Thanks to Georgia Hurst for this insightful article based on her personal experiences as someone diagnosed with Lynch Syndrome. She describes some of the barriers she has faced with this diagnosis. Her blog is available at ihavelynchsyndrome.com
Matroyoshka Nesting Dolls by Georgia Hurst – ihavelynchsyndrome.com
I cannot help but think of those adorable Matryoshka nesting dolls when considering Lynch syndrome and its implications. Matryoshka nesting dolls are those cute, wooden Russian figures which separate, top from bottom, to reveal a smaller figure of the same sort inside, which, in turn, reveals another figure inside that, and so on. I think of those dolls as a metaphor for Lynch syndrome, sans the cuteness. The emotional toll of knowing you hold a deleterious gene mutation can be quite challenging and one Lynch syndrome issue leads to another, to another, and so forth. With that introduction, I am simply trying to raise consciousness in the elusive Lynch syndrome world about topics which are rarely discussed amongst the professionals who deal with Lynch syndrome patients. Doctors, genetic counselors, psychiatrists, psychologists, and others need to be cognizant that people with Lynch syndrome are dealing with a constellation of emotional and possibly physiological issues as a result of this diagnosis and the recommended surgeries.

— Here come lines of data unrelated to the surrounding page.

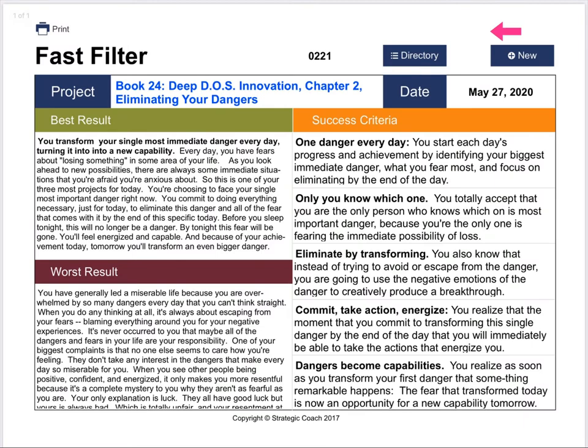Hi, it's Hamish McDonald here. I'm the cartoonist for Strategic Coach, and I'm here today to describe to you our process for creating the cartoons in our Ambition Series books that come out every quarter.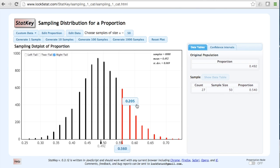Later you will see that this number is known as the p-value. This tells us that 0.205 or 20.5% of samples have a sample proportion greater than or equal to 0.56.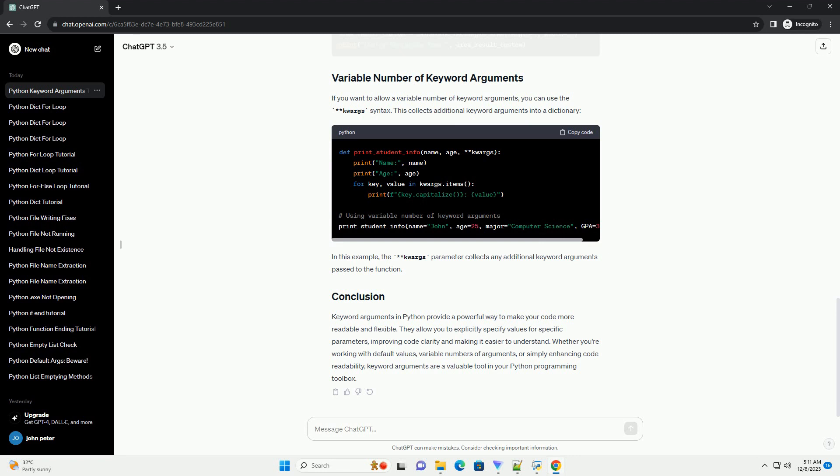Keyword arguments in Python provide a powerful way to make your code more readable and flexible. They allow you to explicitly specify values for specific parameters, improving code clarity and making it easier to understand. Whether you're working with default values, variable numbers of arguments, or simply enhancing code readability, keyword arguments are a valuable tool in your Python programming toolbox.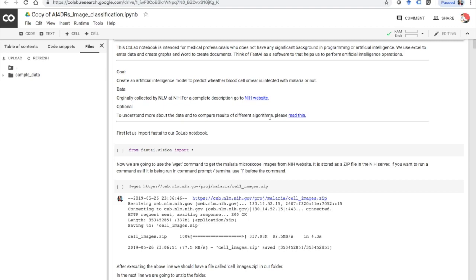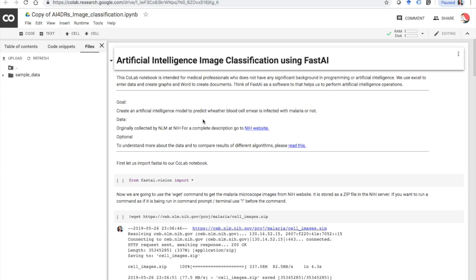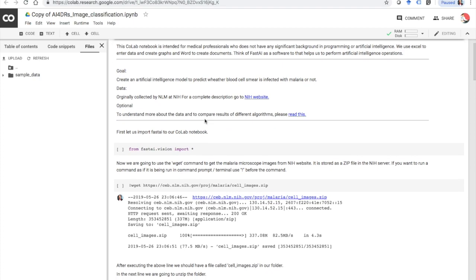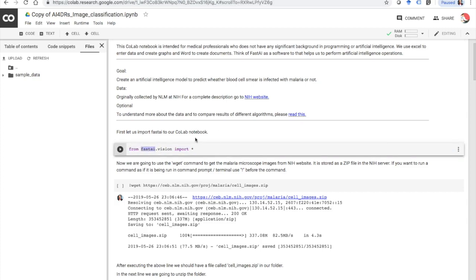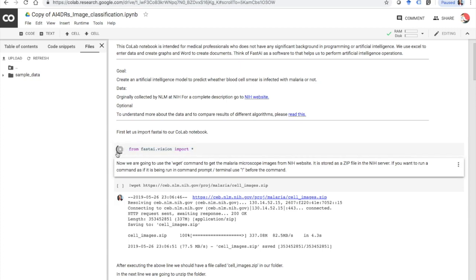Just like we use Microsoft Excel to enter data and create graphs and Microsoft Word to create documents, in this we are going to use a tool called fastAI to do the artificial intelligence programming. First we have to import that package fastAI to our notebook, and this is done using the line: from fastai.vision import star. This is going to import all the libraries essential for image classification. To run a cell you can either click the play button or press Shift and Enter while in the cell.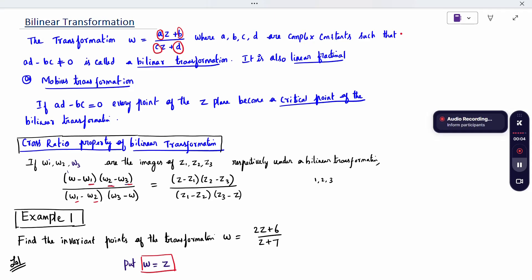Good morning all. Today's topic is bilinear transformation. The transformation W equal to AZ plus B divided by CZ plus D, where A, B, C, D are complex constants such that AD minus BC is not equal to 0, is called bilinear transformation.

Lynch syndrome, also known as Hereditary Non-Polyposis Colorectal Cancer: HNPCC, affects approximately 600,000 people in the United States; yet, only approximately only 5% of us know it. Lynch syndrome is typically associated with a significantly increased risk for colorectal and endometrial cancers and is caused by mutations in following genes: MLH1, MSH2, MSH6, PMS2, and EPCAM. Cancers potentially stemming from Lynch syndrome include: colorectal, endometrial, gastric, ureter/renal, pelvis, biliary tract, small bowel, pancreas, brain, sebaceous carcinomas ovarian, prostate in men, and breast, endometrial and ovarian cancer in women. Lynch syndrome warning signs include early onset cancers (<50y) in one’s family history, specifically colon cancer, endometrial cancer, and/or two or more other cancers in the same individual, or among their close relatives.
My Lynch Matryoshka dolls exposed a plethora of new challenges and I did not have even one of those cancers. I took the prophylactic measure of removing my reproductive organs to prevent malignancy to them and was fortunate enough to ‘only’ have a hysterectomy and bilateral salpingo-oophorectomy. At the time of the surgery, I was a healthy, fit 40-year-old-woman – ten years, or more, away from menopause and doctors completely minimized what was to happen to me with this surgery, assuming that the “one size fits all approach” to medicine would with work with me. I was told that a hysterectomy and bilateral salpingo-oophorectomy were not such a big deal for a woman of my age and that I would be fine with a low dose of estrogen and an antidepressant. Unbeknownst to me, my physiological and psychological response to the surgery would end up highly taxing to say the least. The convalescence from surgery and further testing for Lynch syndrome screenings required a number of doctors’ visits – to some doctors who did not know about Lynch syndrome, nor would they take the time to find out, or were too arrogant to refer me elsewhere. A physician’s lack of knowledge regarding a deleterious gene mutation can only fuel a patient’s existing fears and anxiety. It is comparable to throwing the patient into dark, shark infested waters, and not telling them which way to swim; a very frightening position to be in for a person who already feels like a walking time bomb.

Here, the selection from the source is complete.